Dataset entries
Start of Block

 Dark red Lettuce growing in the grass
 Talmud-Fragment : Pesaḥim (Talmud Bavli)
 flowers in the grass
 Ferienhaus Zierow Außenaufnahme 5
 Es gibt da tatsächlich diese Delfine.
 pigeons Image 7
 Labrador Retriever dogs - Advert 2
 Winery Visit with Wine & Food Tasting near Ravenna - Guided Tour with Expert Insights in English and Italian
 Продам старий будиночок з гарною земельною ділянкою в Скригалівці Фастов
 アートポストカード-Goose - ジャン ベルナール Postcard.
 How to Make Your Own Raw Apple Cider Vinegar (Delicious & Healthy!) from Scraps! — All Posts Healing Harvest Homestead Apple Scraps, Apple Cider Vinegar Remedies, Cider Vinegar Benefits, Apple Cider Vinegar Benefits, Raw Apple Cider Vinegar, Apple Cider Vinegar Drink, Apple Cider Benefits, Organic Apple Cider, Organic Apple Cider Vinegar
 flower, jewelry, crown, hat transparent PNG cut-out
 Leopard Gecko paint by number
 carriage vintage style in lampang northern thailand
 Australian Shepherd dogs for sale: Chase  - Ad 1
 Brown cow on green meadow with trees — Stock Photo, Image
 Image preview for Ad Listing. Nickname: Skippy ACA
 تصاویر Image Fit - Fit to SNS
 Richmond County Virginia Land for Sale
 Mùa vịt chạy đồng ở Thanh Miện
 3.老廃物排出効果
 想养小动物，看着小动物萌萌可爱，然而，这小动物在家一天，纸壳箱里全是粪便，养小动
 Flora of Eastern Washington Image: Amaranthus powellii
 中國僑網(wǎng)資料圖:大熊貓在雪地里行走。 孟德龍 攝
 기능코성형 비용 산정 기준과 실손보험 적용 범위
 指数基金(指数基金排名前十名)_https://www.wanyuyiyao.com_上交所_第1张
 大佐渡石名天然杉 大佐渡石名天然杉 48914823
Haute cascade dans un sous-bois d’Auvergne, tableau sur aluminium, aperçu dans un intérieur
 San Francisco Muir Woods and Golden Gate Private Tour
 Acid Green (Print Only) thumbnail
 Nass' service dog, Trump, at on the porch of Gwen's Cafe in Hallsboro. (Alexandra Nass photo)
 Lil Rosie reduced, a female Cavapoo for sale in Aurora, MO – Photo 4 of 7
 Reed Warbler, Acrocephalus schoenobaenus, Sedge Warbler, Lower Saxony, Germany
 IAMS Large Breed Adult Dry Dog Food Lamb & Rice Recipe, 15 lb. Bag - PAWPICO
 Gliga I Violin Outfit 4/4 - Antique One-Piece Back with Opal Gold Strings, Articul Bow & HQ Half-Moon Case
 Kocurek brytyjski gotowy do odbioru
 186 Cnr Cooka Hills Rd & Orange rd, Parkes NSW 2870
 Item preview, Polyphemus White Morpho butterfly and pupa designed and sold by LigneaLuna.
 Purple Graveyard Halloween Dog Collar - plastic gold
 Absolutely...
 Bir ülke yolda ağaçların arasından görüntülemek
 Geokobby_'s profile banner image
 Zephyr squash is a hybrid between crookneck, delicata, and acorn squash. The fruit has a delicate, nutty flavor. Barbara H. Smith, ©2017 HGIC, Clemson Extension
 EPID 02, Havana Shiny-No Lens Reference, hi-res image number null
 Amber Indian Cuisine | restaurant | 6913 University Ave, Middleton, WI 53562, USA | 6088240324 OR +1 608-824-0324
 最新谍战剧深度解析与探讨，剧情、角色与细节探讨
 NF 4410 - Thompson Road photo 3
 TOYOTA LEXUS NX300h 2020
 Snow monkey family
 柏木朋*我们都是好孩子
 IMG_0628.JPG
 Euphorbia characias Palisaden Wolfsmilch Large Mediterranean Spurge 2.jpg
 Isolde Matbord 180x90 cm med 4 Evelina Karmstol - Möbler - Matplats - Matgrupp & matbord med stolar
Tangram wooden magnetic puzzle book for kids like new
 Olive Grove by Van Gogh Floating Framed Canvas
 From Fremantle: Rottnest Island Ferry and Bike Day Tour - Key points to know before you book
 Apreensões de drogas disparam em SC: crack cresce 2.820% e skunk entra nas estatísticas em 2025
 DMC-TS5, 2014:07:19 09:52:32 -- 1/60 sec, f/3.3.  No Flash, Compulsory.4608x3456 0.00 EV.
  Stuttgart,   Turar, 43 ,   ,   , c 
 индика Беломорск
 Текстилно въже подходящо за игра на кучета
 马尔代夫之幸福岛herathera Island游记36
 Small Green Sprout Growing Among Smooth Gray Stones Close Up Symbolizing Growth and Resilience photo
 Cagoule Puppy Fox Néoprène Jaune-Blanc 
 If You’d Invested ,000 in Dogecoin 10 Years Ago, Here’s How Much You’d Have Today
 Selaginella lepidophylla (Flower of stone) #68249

End of Block

TO DO
Above are the entries. Copy exactly the part that opens with the line containing "NF 4410 - Thompson Road photo 3" and closes with the line containing "Tangram wooden magnetic", and no more.

WRITTEN RESPONSE
 NF 4410 - Thompson Road photo 3
 TOYOTA LEXUS NX300h 2020
 Snow monkey family
 柏木朋*我们都是好孩子
 IMG_0628.JPG
 Euphorbia characias Palisaden Wolfsmilch Large Mediterranean Spurge 2.jpg
 Isolde Matbord 180x90 cm med 4 Evelina Karmstol - Möbler - Matplats - Matgrupp & matbord med stolar
Tangram wooden magnetic puzzle book for kids like new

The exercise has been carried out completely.